▶ [Record excerpts]
□ □ □ □

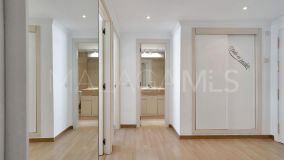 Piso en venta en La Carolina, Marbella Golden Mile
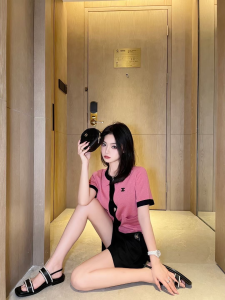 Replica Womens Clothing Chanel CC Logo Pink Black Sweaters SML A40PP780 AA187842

□ □ □ □

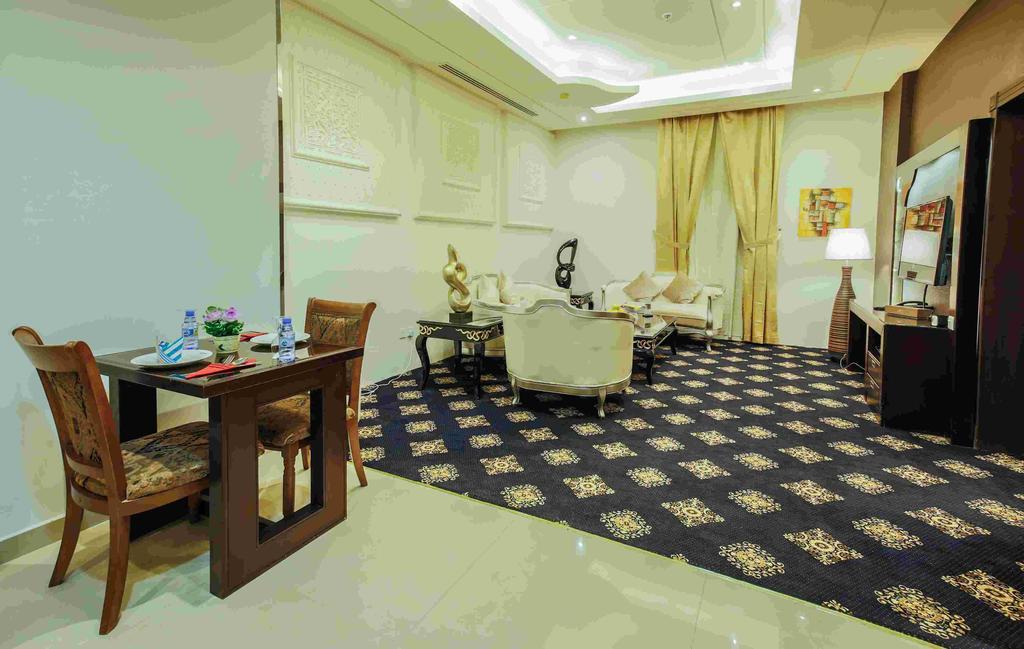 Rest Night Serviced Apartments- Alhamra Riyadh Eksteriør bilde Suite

□ □ □ □

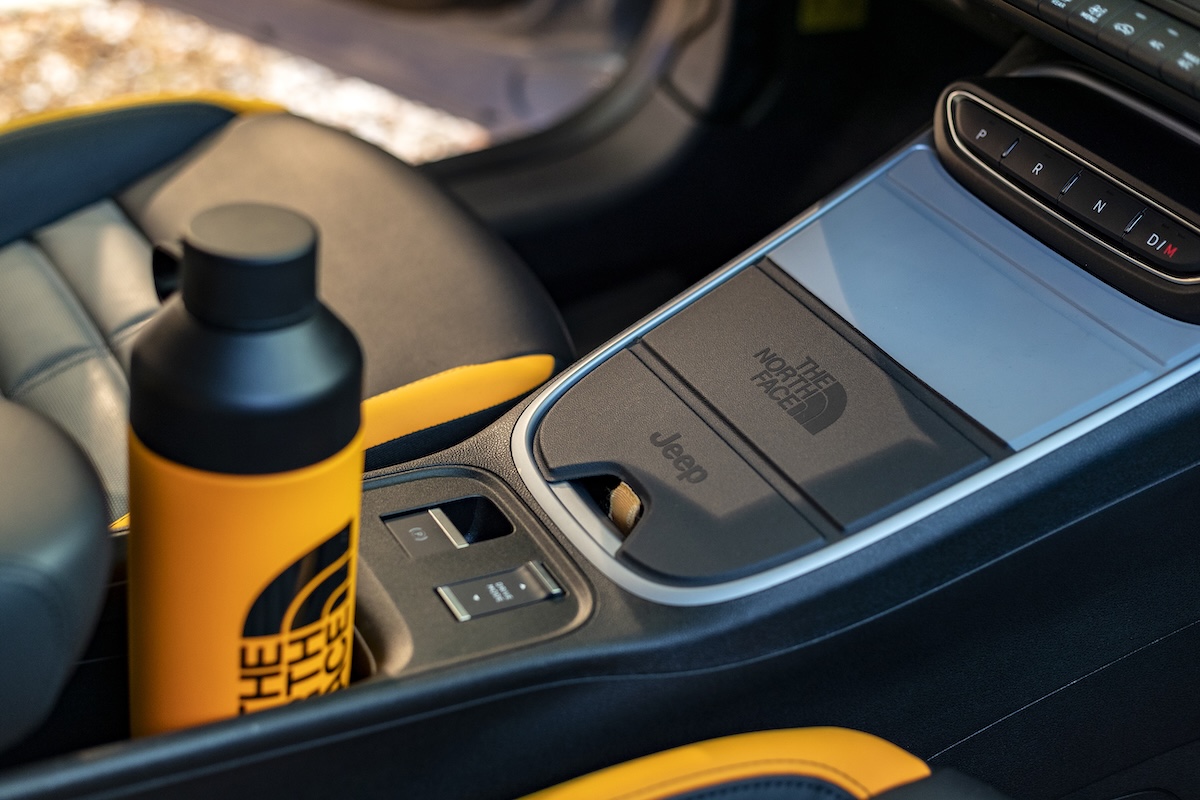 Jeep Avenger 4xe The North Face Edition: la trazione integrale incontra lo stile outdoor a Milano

□ □ □ □

▶ [Activity] The answer must be the part of the records that opens with the line containing "Piso en venta" and closes with the line containing "Replica Womens Clothing", reproduced exactly, with no pictures.

▶ [Completed task]
 Piso en venta en La Carolina, Marbella Golden Mile
 Replica Womens Clothing Chanel CC Logo Pink Black Sweaters SML A40PP780 AA187842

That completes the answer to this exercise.